4.5.1 Cannabinoids in Epilepsy

Epilepsy is characterized by an imbalance between excitatory and inhibitory neurotransmitter release and abnormal neuronal electrical activity. Even though, antiepileptic drugs have been shown to limit seizures, over 30% of patients remain pharmacoresistant (Kwan et al. 2011). In this scenario, increasing research demonstrates that the exogenous modulation of ECS offers a promising and effective option for the treatment of refractory epilepsy (Rosenberg et al. 2015; Billakota et al. 2019). Although, the exact molecular mechanisms are still under investigation, the anticonvulsant potential of cannabinoids is supported by their neuromodulatory effects and their ability to inhibit hyperexcitability (Rosenberg et al. 2015).

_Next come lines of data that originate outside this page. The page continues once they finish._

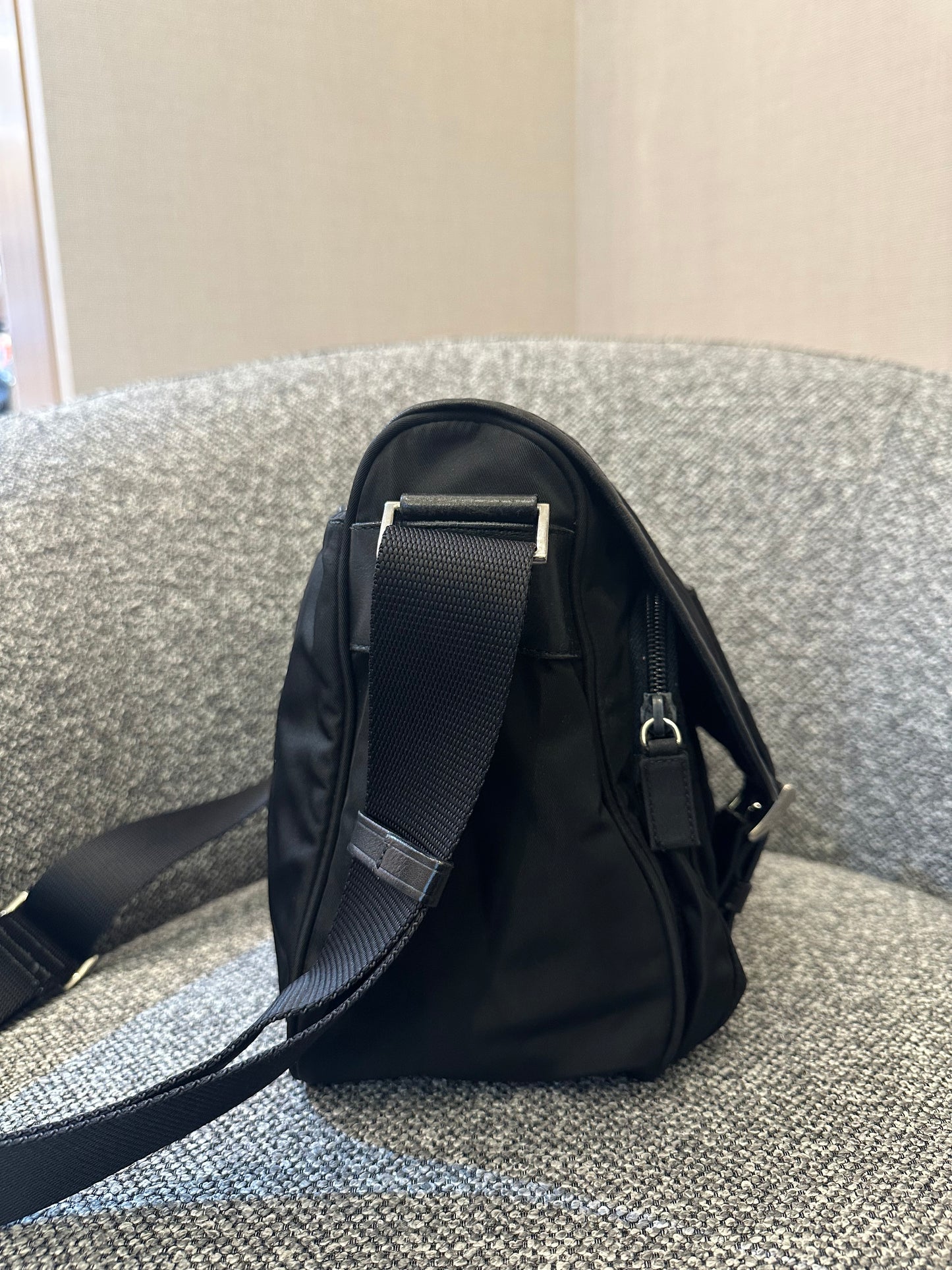 Prada Black Tessuto Messenger Bag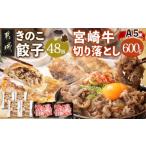 ふるさと納税 餃子 宮崎県 都城市 きのこ餃子48個&宮崎牛(A5)霜降り切り落し600g_AD-8701_(都城市) ギョウザ 12個入り 4パック 椎茸 きくらげ 都城産ブラ…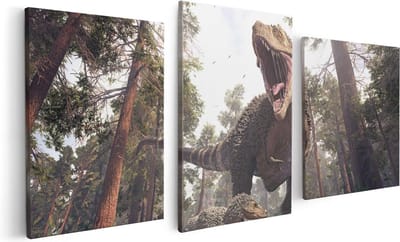 Artaza Canvas Schilderij Drieluik Tyrannosaurus Rex Dinosaurus - T-Rex - 120x60 - Foto Op Canvas - Canvas Print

Diverse phytocannabinoids, including Δ9-THC, Δ9-THCA (Δ9-tetrahydrocannabinolic acid, Fig. 4.5), Δ9-THCV (Δ9-tetrahydrocannabivarin, Fig. 4.5), CBD, and CBDV (cannabidivarin, Fig. 4.5), have shown anticonvulsant effects in different experimental models of seizures. Whereas, very few studies have been reported for the use of Δ9-THCA, Δ9-THCV, and CBDV, abundant data support the potential use of Δ9-THC and CBD for the treatment of epilepsy (Gaston and Friedman 2017).

Fig. 4.5
figure 5

Structures of phytocannabinoids Δ9-THCA, Δ9-THCV, and CBDV

Most studies have supported the anticonvulsant potential of Δ9-THC, however, some experiments have revealed mixed or no effects (Rosenberg et al. 2015). Among cannabinoids, the non-psychoactive phytocannabinoid, CBD is currently the best hope for the treatment of refractory epileptic seizures. Its potent anticonvulsant actions have been widely demonstrated in in vitro and in vivo human studies leading to CBD’s approval for the management of seizures in children with Lennox–Gastaut and Dravet syndromes (Devinsky et al. 2018, 2019). Placebo-controlled clinical trials revealed that CBD is well-tolerated and does not present side effects on CNS or vital signs (Bergamaschi et al. 2011; Friedman et al. 2019).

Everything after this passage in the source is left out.